MicroRNAs can have large-scale effects by regulating expression of a variety of genes during mammalian development and carcinogenesis. As a result, understanding the mechanisms and function of individual miRNAs has generated great interest. Despite the accumulating evidence regarding the role of various miRNAs in cancer, very limited information is available about the function of miRNAs in bladder cancer, and only few miRNA targets have been identified.
Here we report that miR-23b to be down-regulated in bladder cancer tissues compared to normal adjacent tissues and this was also observed in bladder cancer and non-malignant cell lines. Our data suggests a potential diagnostic/prognostic role for miR-23b in predicting overall survival and discriminating malignant from normal tissues and indicates that miR-23b is a tumor suppressor in bladder cancer.
To determine the biological relevance of miR-23b in bladder cancer, we performed functional assays. Ectopic expression of miR-23b resulted in significant inhibition of cell proliferation, colony formation, migration/invasion and induction of cell cycle arrest and apoptosis in bladder cancer cells. Expression of miR-23b in cancer is somewhat controversial because it has been found to be either up-regulated and oncogenic in kidney cancer where it caused translational repression of tumor suppressor PTEN gene 
or down-regulated and a tumor suppressor in prostate cancer where it directly targets Src kinase and Akt oncogenes 
, while our study indicates it is a tumor suppressor in bladder cancer. Previous studies have shown that microRNAs are highly tissue specific and they can act as tumor suppressor or oncogenes 
. MicroRNAs possess several features that make them attractive candidates as new prognostic biomarkers and powerful tools for the early diagnosis of cancer 
. In this study, we found that miR-23b was predictive of overall survival such that patients with higher miR-23b expression had longer overall survival compared to patients with low miR-23b expression. MicroRNA-23b expression was also able to distinguish malignant from normal tissues indicating the diagnostic significance of miR-23b in bladder cancer although additional studies with a larger cohort of tissue samples are required.
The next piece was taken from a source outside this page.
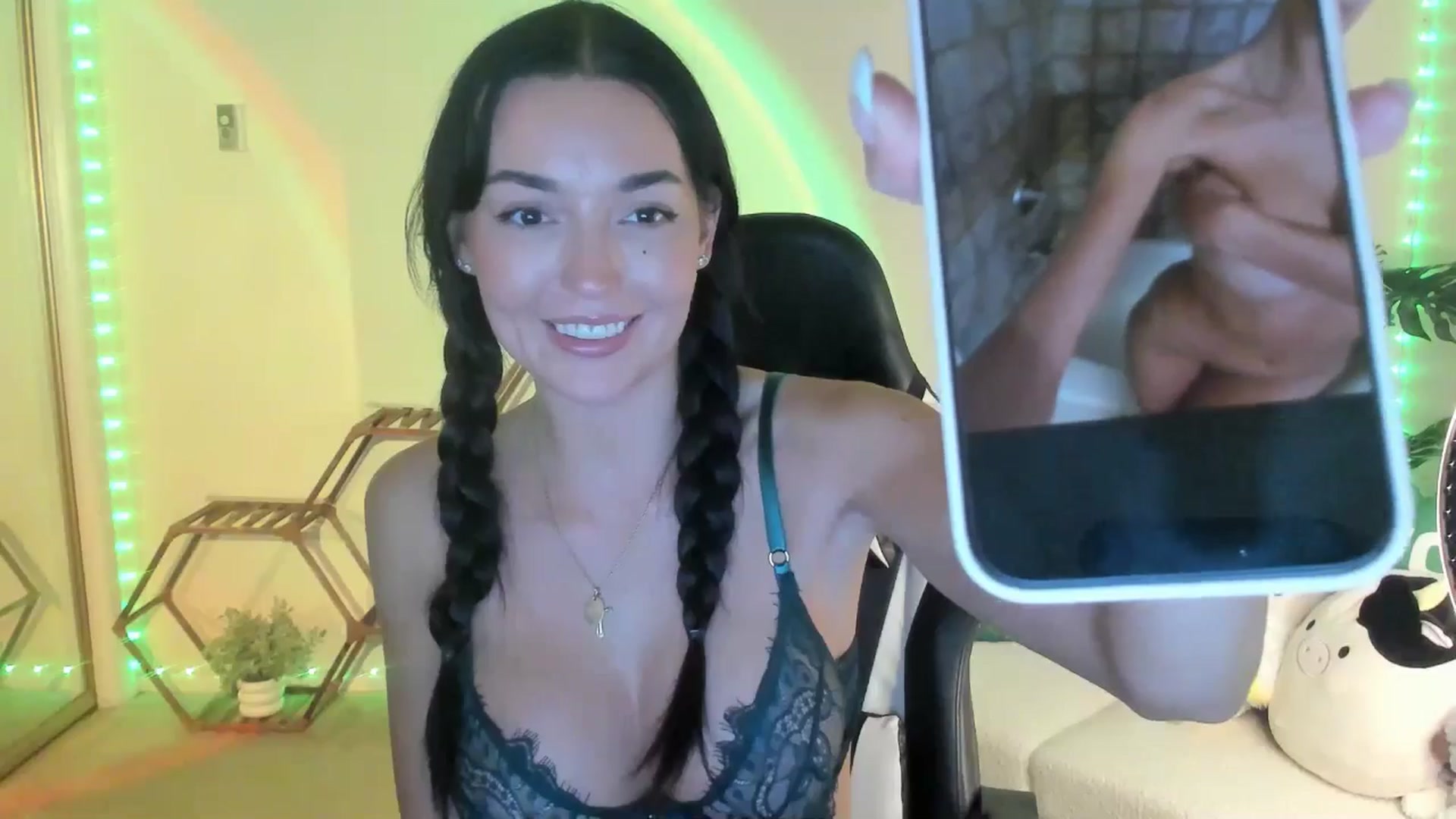 Gallery image thumbnail from badgalsisi's myfreecams stream on, 03/16/2026, 02:45 image 20 of 20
A significant obstacle to understanding miRNA function has been the relative paucity of experimentally validated targets. To determine the effectors of miR-23b, in-silico algorithms and functional analyses identified Zeb1 as its target. We demonstrated that miR-23b directly targets the 3′UTR of Zeb1, as its over-expression was associated with suppression of luciferase activity. In addition, a significant down-regulation in the level of Zeb1 protein was observed after miR-23b over-expression, indicating post-transcriptional regulation of Zeb1 via targeting its 3′UTR. Functional assays performed after Zeb1 depletion by siRNA transfection mimicked the results obtained with miR-23b overexpression. These results indicate that effects of miR-23b in bladder cancer are partly by directly targeting Zeb1, though other targets may also be involved since microRNAs can target thousands of genes. Zeb1 is one of the crucial regulators of epithelial-to-mesenchymal transition (EMT) 
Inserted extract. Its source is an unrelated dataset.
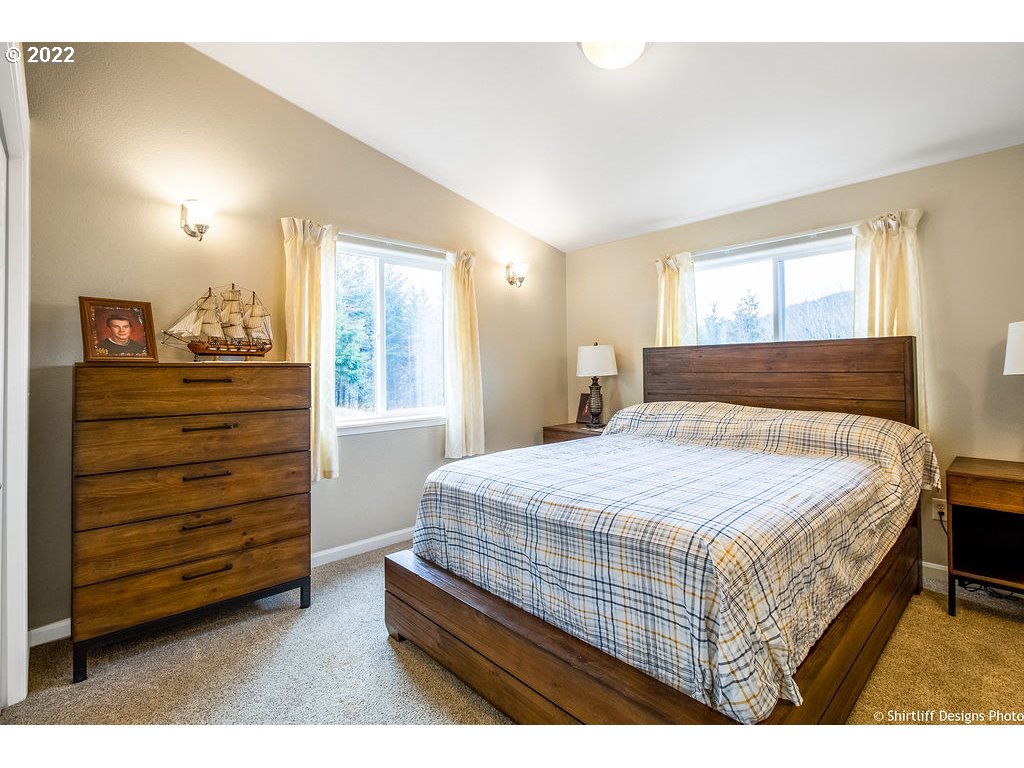 22371 Noti Loop Road Noti, OR 97461 - Photo 26 of 32 Gallery Image 26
and has been shown to play a major role in invasion and metastasis of epithelial tumors 
. The relevance of ZEB proteins to tumor progression has been studied in several human cancers. Expression of ZEB1 correlated with an aggressive phenotype in various histological types of endometrial carcinoma and was detected in the sarcomatous compartment of endometrial carcinosarcoma 
. In colon cancer, ZEB1 was expressed at the invasive front of tumors, in association with the transient loss of basement membranes 
. Reciprocal expression of ZEB1 and E-cadherin has also been observed in non-small cell lung carcinoma 
. A direct correlation between ZEB1 immunoreactivity and Gleason grade has been reported in human prostate tumors 
and in bladder cancer, ZEB1 has been reported to be over-expressed and responsible for enhanced motility 
. In the present study, we found that over-expression of miR-23b resulted in suppression of oncogene Zeb1 in the bladder cancer cells suggesting that miR-23b can mediate EMT, thereby representing a possible mechanism through which it affects bladder cancer migration and invasion.
In conclusion, this study shows that miR-23b has diagnostic/prognostic significance and directly targets oncogenic Zeb1 in bladder cancer. miR-23b over-expression resulted in suppression of the bladder cancer cell proliferation and invasion, inducing apoptosis, and cell cycle arrest. Finally, this study indicates that miR-23b over-expression may be a therapeutically useful strategy for the treatment of bladder cancer.